## THE TASK
Give back exactly the lines spanning from the one containing "Fty Takı El" to the final line of the records below, and no others.

## DATA SUPPLIED

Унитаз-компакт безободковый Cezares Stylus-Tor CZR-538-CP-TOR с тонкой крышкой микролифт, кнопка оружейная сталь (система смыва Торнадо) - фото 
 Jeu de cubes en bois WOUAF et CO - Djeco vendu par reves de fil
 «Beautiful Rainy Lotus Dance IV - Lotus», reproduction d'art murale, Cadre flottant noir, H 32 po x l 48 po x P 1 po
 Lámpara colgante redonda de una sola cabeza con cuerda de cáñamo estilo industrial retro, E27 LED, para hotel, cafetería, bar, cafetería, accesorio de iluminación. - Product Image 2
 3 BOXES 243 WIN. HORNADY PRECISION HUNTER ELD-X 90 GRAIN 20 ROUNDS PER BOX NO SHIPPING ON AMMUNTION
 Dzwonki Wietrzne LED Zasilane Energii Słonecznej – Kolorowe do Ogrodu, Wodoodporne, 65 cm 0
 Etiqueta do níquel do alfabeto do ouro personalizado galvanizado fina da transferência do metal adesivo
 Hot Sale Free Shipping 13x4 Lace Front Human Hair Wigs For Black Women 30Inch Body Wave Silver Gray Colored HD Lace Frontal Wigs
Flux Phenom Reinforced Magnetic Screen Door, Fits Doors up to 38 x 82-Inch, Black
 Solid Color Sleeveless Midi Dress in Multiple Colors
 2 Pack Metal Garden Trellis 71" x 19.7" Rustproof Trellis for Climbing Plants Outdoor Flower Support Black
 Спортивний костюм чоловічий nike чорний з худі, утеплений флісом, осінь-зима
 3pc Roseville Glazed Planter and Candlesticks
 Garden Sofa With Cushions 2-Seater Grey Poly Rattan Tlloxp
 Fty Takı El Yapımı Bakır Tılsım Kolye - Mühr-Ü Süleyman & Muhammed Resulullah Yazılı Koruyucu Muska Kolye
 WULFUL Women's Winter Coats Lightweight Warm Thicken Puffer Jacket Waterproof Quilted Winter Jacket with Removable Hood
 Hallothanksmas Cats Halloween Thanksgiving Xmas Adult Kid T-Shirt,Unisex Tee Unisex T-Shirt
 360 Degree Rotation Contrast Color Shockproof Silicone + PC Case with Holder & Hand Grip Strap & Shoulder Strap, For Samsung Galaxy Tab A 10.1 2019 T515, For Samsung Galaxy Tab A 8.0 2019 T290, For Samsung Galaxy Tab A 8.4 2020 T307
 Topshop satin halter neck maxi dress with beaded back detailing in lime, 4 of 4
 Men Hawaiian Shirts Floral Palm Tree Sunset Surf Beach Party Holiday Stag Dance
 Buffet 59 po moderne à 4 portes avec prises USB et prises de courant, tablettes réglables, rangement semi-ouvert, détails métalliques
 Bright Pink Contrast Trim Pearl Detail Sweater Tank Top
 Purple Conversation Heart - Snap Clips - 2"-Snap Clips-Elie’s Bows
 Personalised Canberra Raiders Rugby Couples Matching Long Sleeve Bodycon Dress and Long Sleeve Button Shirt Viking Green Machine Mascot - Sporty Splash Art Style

## TASK RESPONSE
 Fty Takı El Yapımı Bakır Tılsım Kolye - Mühr-Ü Süleyman & Muhammed Resulullah Yazılı Koruyucu Muska Kolye
 WULFUL Women's Winter Coats Lightweight Warm Thicken Puffer Jacket Waterproof Quilted Winter Jacket with Removable Hood
 Hallothanksmas Cats Halloween Thanksgiving Xmas Adult Kid T-Shirt,Unisex Tee Unisex T-Shirt
 360 Degree Rotation Contrast Color Shockproof Silicone + PC Case with Holder & Hand Grip Strap & Shoulder Strap, For Samsung Galaxy Tab A 10.1 2019 T515, For Samsung Galaxy Tab A 8.0 2019 T290, For Samsung Galaxy Tab A 8.4 2020 T307
 Topshop satin halter neck maxi dress with beaded back detailing in lime, 4 of 4
 Men Hawaiian Shirts Floral Palm Tree Sunset Surf Beach Party Holiday Stag Dance
 Buffet 59 po moderne à 4 portes avec prises USB et prises de courant, tablettes réglables, rangement semi-ouvert, détails métalliques
 Bright Pink Contrast Trim Pearl Detail Sweater Tank Top
 Purple Conversation Heart - Snap Clips - 2"-Snap Clips-Elie’s Bows
 Personalised Canberra Raiders Rugby Couples Matching Long Sleeve Bodycon Dress and Long Sleeve Button Shirt Viking Green Machine Mascot - Sporty Splash Art Style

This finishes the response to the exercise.